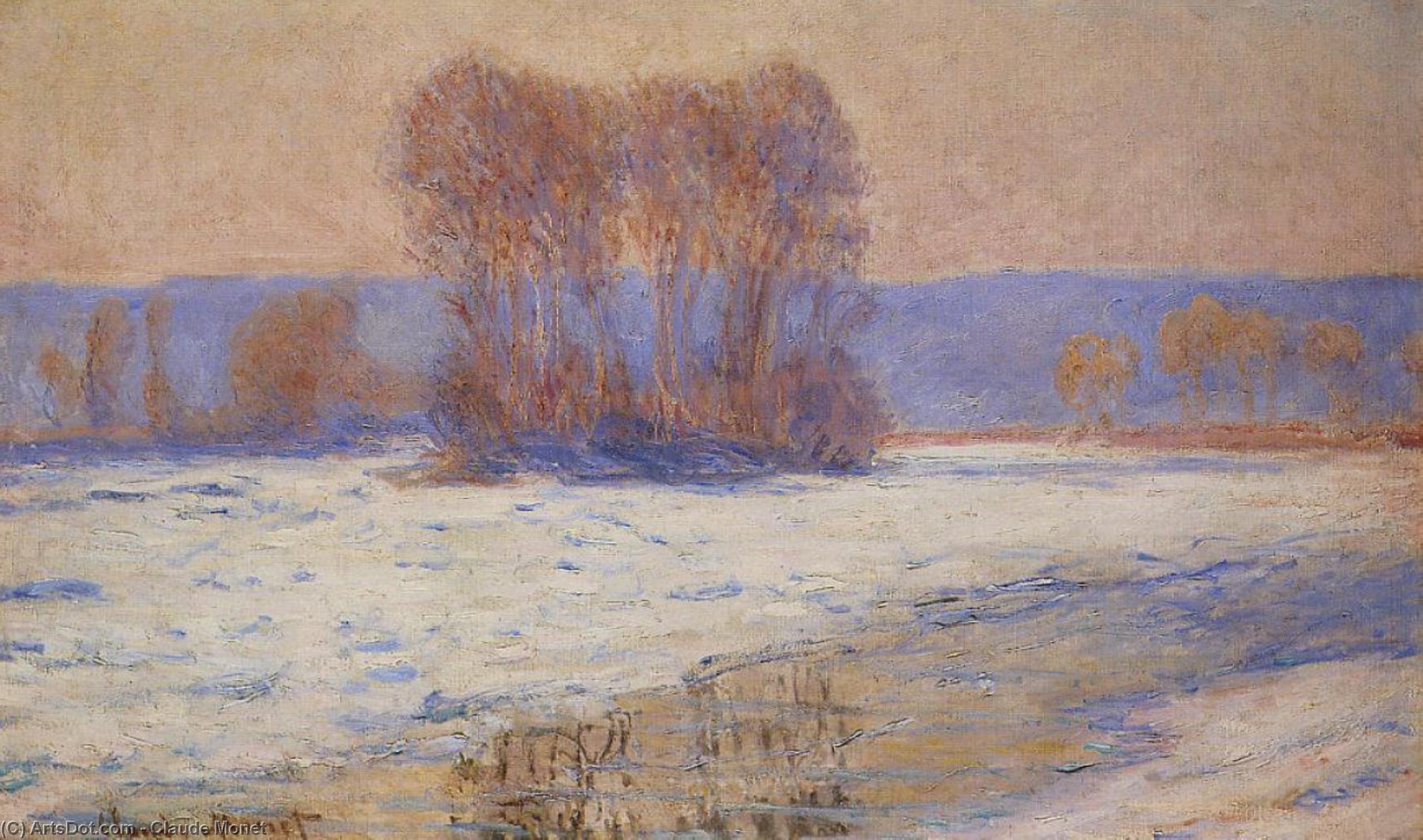 Die Seine Bei Bennecourt Im Winter — Claude Monet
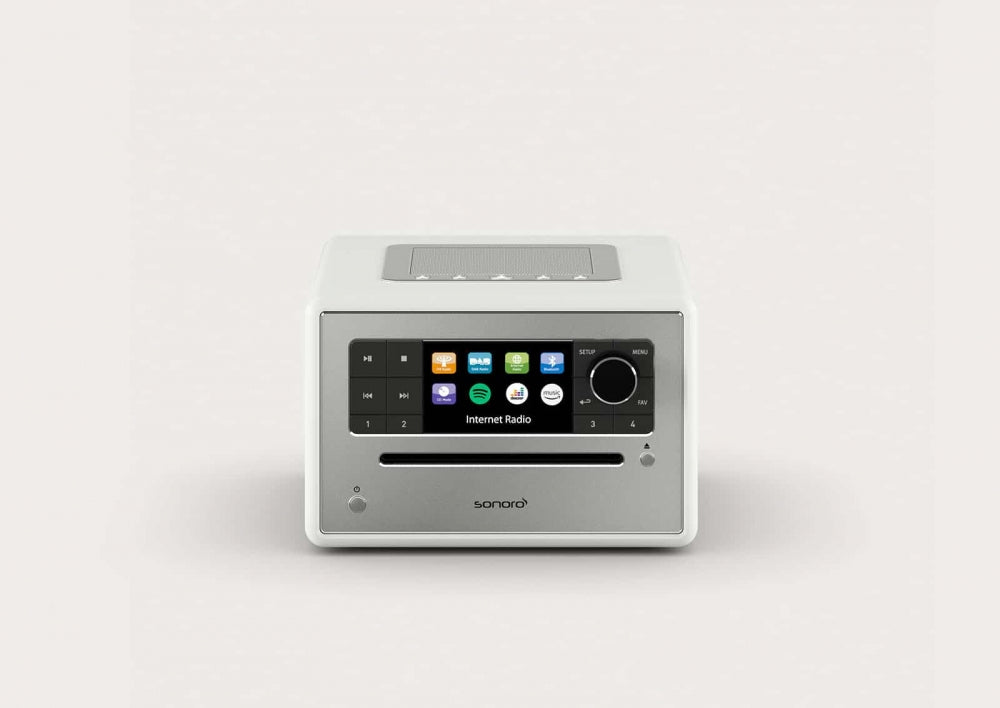 Sonoro Elite. Das wohlklingende All-In-One Gerät in vielen Designs. Mehr als ein "Radiowecker"! — Weiß hochglanz - silber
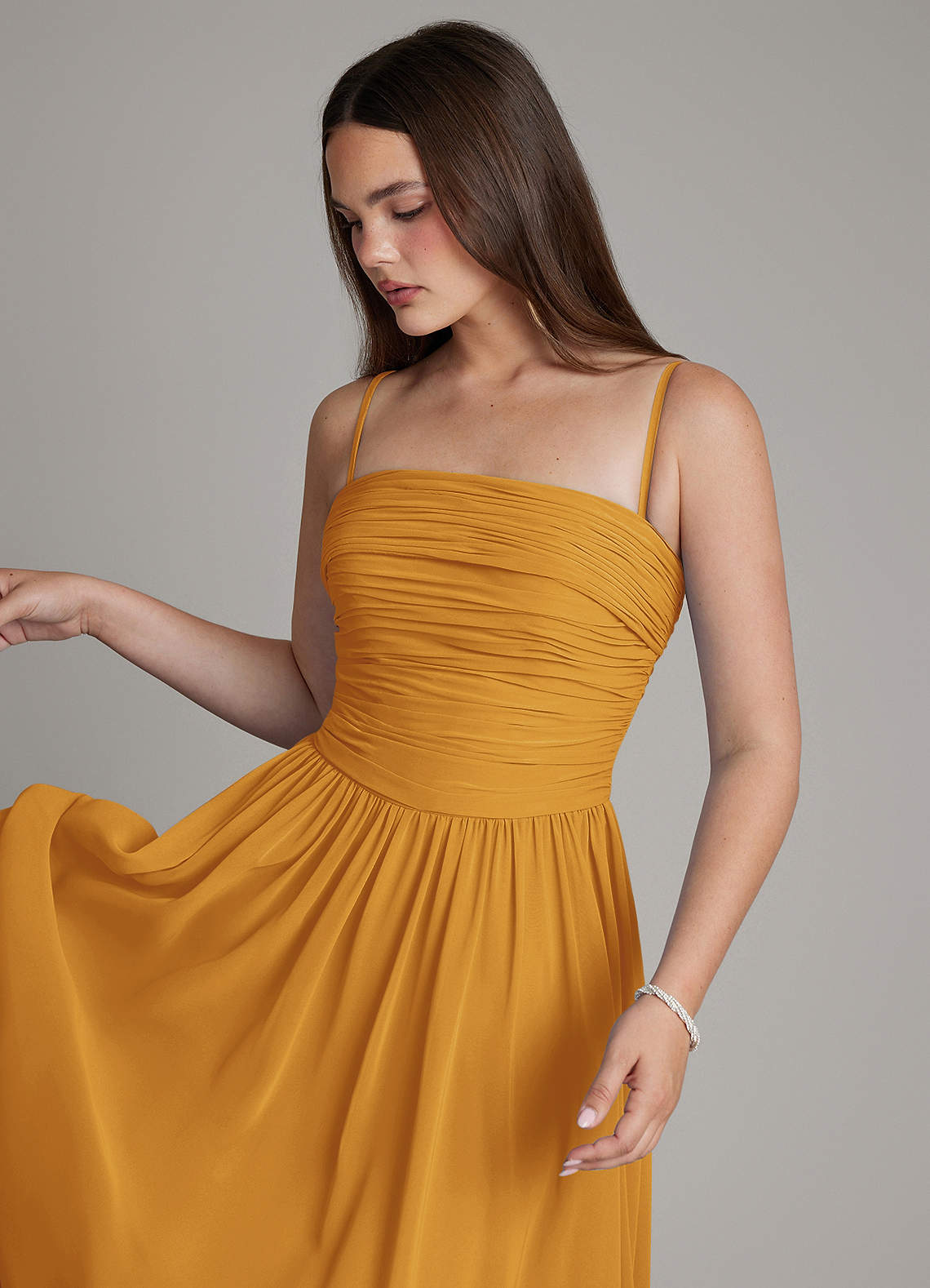 andreina orange dress Azazie Andreina Butterscotch Chiffon Bridesmaid Dresses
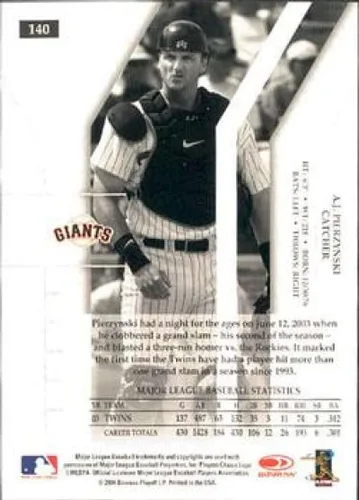 Vista 2 de 2004 Donruss Elite #140 A.J. Pierzynski San Francisco Giants MLB Baseball Card NM-MT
________________________________________
**ASSIGNMENT:** The data above must be written out again without alteration, and the pictures in them must be excluded.

**WRITTEN ANSWER:**
 Die Seine Bei Bennecourt Im Winter — Claude Monet
 Sonoro Elite. Das wohlklingende All-In-One Gerät in vielen Designs. Mehr als ein "Radiowecker"! — Weiß hochglanz - silber
 andreina orange dress Azazie Andreina Butterscotch Chiffon Bridesmaid Dresses
 Vista 2 de 2004 Donruss Elite #140 A.J. Pierzynski San Francisco Giants MLB Baseball Card NM-MT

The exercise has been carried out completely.